◆ **Work request**
Please return only the lines from the one showing "Koyu renkli bir" to the end of the entries, keeping both ends and dropping every picture.
=-=-=-=-=
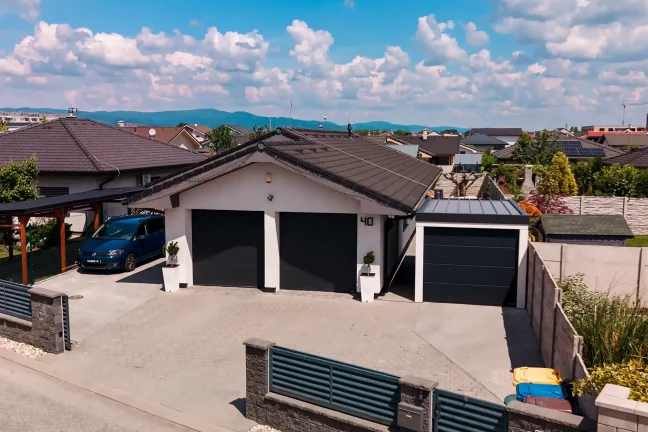 Garáž pre jedno auto s antracitovou pultovou strechou a tmavou sekčnou bránou, pohľad spredu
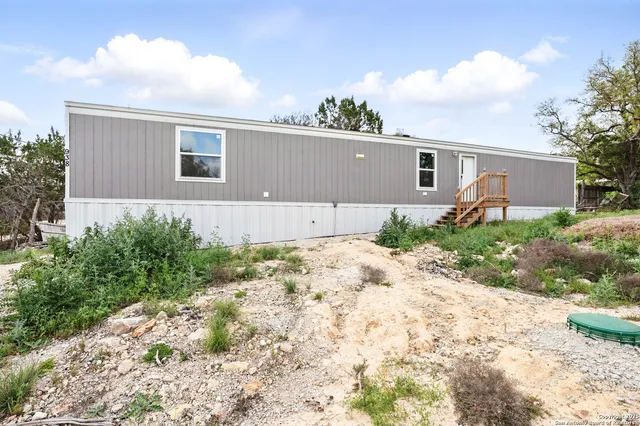 a house view with a backyard space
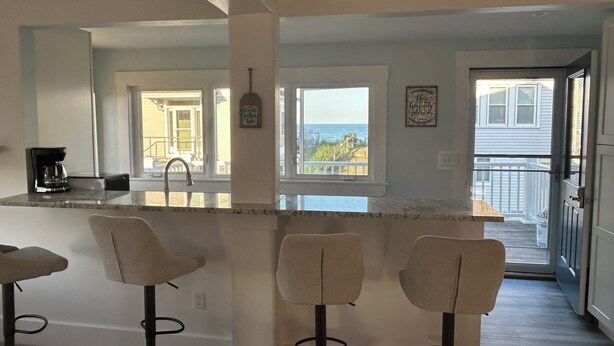 A kitchen with a large island, bar stools, and a view of the ocean. - Private Rye Beach getaway with 3 bedrooms across two units, ideal for couples or families. Enjoy private beach access, ocean views, fast Wi-Fi, and walk to Petey’s Famous Seafood—steps from the sand and coastal dining. (Rye)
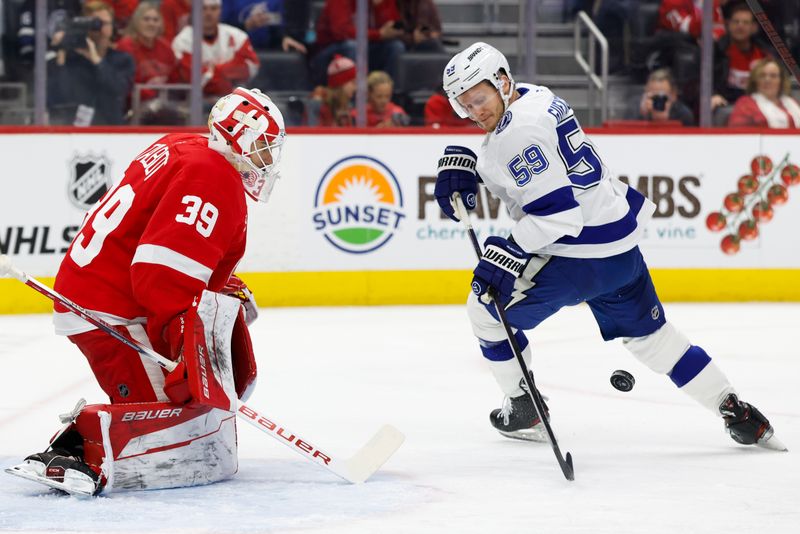 Jan 25, 2025; Detroit, Michigan, USA;  Detroit Red Wings goaltender Cam Talbot (39) makes a save on Tampa Bay Lightning center Jake Guentzel (59) in the first period at Little Caesars Arena. Mandatory Credit: Rick Osentoski-Imagn Images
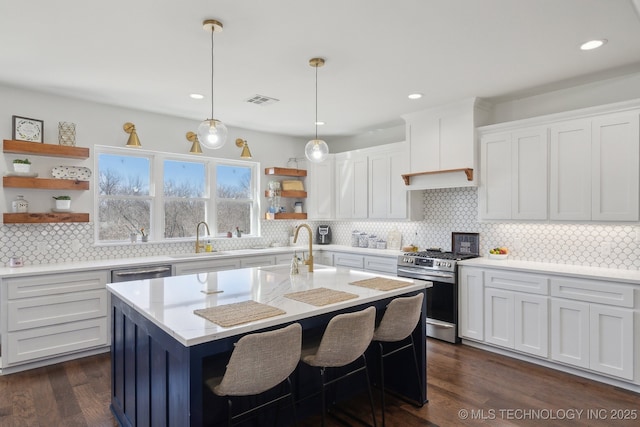 kitchen featuring visible vents, white cabinets, appliances with stainless steel finishes, and open shelves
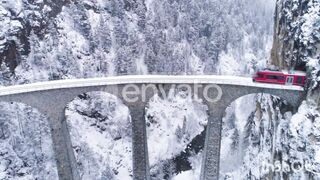 Landwasser Viaduct with Railway and Train in Winter. Snowing. Swiss Alps.
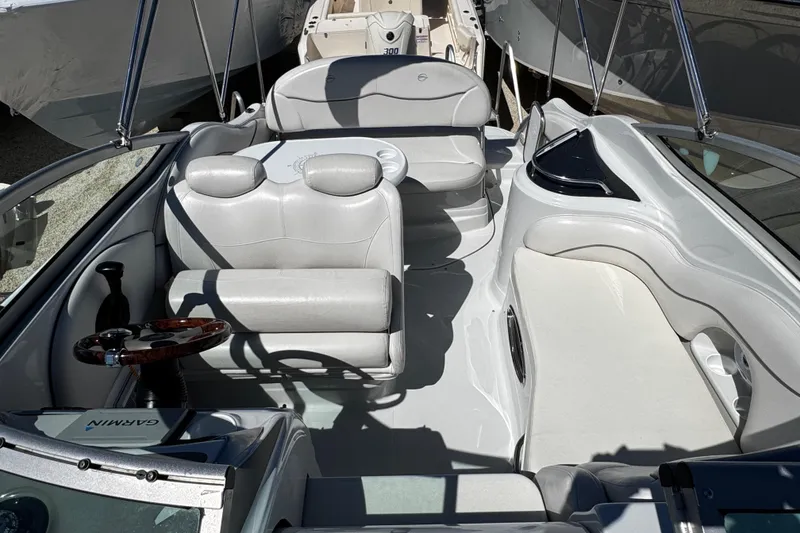 Slide: The Image of Bow of a 2004 Crownline 250 CR boat with anchor and railing. - 62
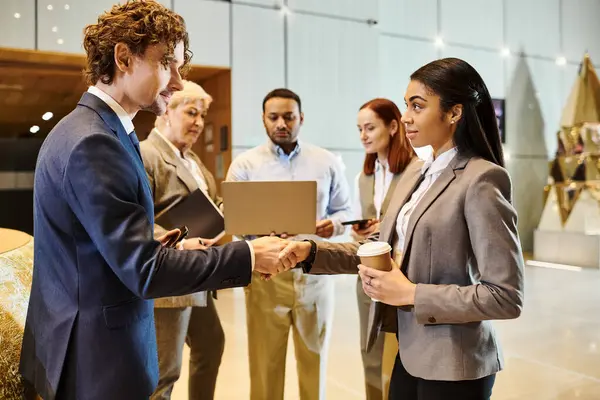 An interracial man and woman in business attire shaking hands. — Stock Photo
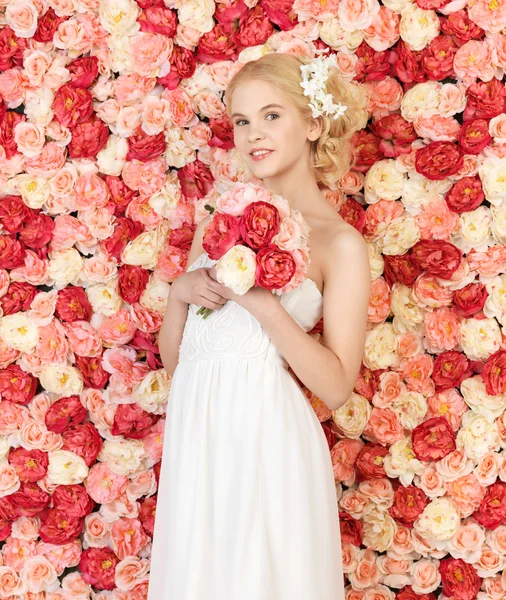 Femme avec bouquet et fond plein de roses — Photo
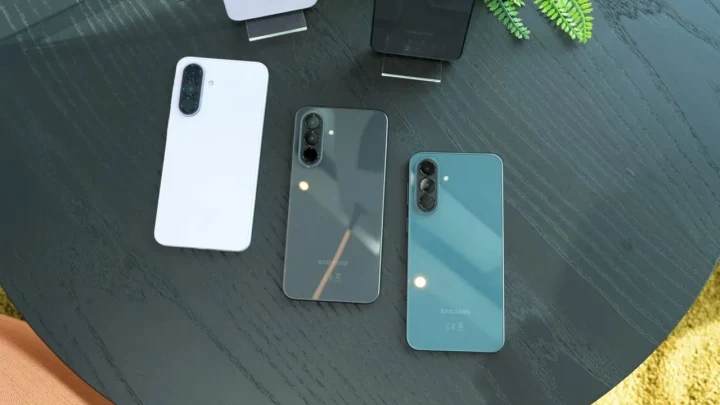 Koyu renkli bir masa üzerinde arka yüzleri görünen üç akıllı telefon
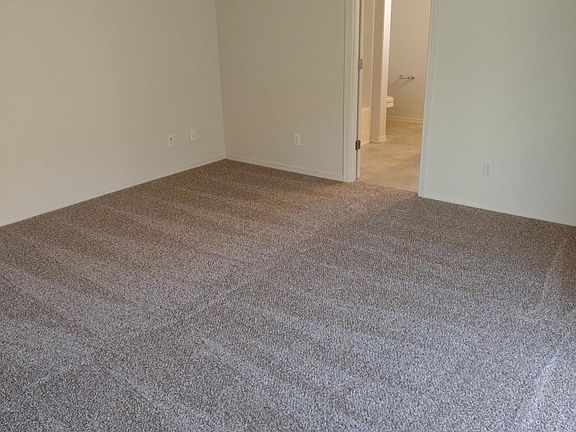 Master bedroom, carpeted, with master bath, 2 sinks and large walk-in closet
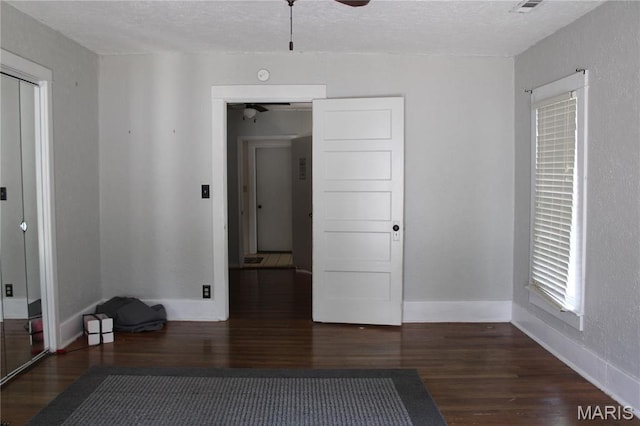 111 W Broadway St, Hayti, MO 63851 - unfurnished room featuring a ceiling fan, wood finished floors, and a textured ceiling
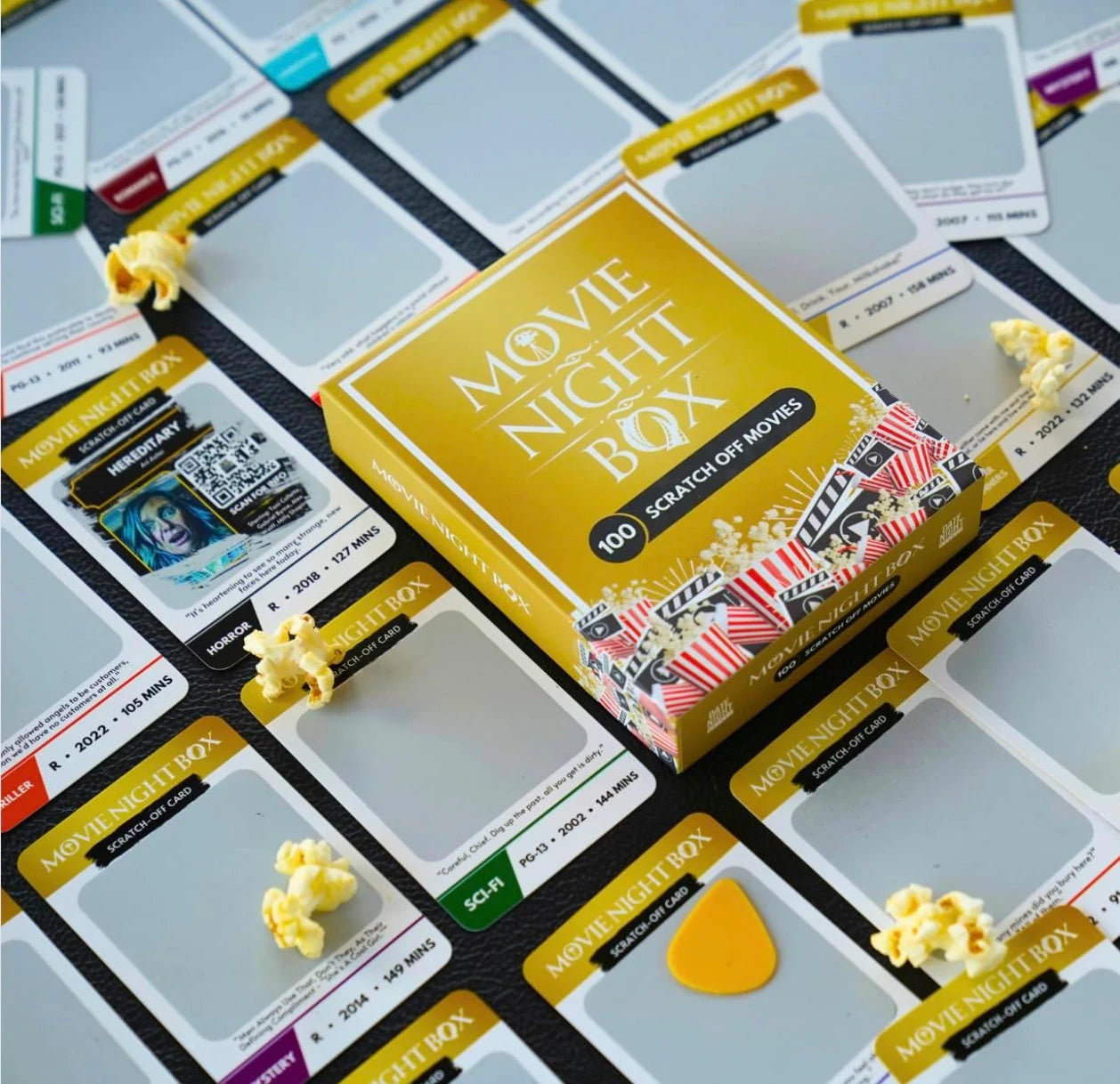 Movie Night Box from Date Night Brands featuring 100 scratch-off movie cards spread out on a table, showcasing genres like horror, sci-fi, and comedy, with a QR code for movie details, surrounded by popcorn for a cinematic experience.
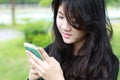 Thai student teen beautiful girl Answer the phone and smile Royalty Free Stock Photo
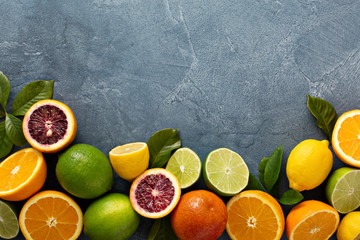 Citrus fruits background with oranges, limes and lemons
=-=-=-=-=
◆ **Task solution**
 Koyu renkli bir masa üzerinde arka yüzleri görünen üç akıllı telefon
 Master bedroom, carpeted, with master bath, 2 sinks and large walk-in closet
 111 W Broadway St, Hayti, MO 63851 - unfurnished room featuring a ceiling fan, wood finished floors, and a textured ceiling
 Movie Night Box from Date Night Brands featuring 100 scratch-off movie cards spread out on a table, showcasing genres like horror, sci-fi, and comedy, with a QR code for movie details, surrounded by popcorn for a cinematic experience.
 Thai student teen beautiful girl Answer the phone and smile Royalty Free Stock Photo
 Citrus fruits background with oranges, limes and lemons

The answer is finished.